■ GOAL OF THE EXERCISE ■
Write out the data below in full, please. Keep every character as given.
━━ SOURCE MATERIAL ━━
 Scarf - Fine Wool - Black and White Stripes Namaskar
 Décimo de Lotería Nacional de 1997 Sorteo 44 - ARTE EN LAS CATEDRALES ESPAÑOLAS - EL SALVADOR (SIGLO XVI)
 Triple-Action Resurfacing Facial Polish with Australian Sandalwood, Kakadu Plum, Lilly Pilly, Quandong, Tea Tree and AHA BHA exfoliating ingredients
━━━
■ WRITTEN ANSWER ■
 Scarf - Fine Wool - Black and White Stripes Namaskar
 Décimo de Lotería Nacional de 1997 Sorteo 44 - ARTE EN LAS CATEDRALES ESPAÑOLAS - EL SALVADOR (SIGLO XVI)
 Triple-Action Resurfacing Facial Polish with Australian Sandalwood, Kakadu Plum, Lilly Pilly, Quandong, Tea Tree and AHA BHA exfoliating ingredients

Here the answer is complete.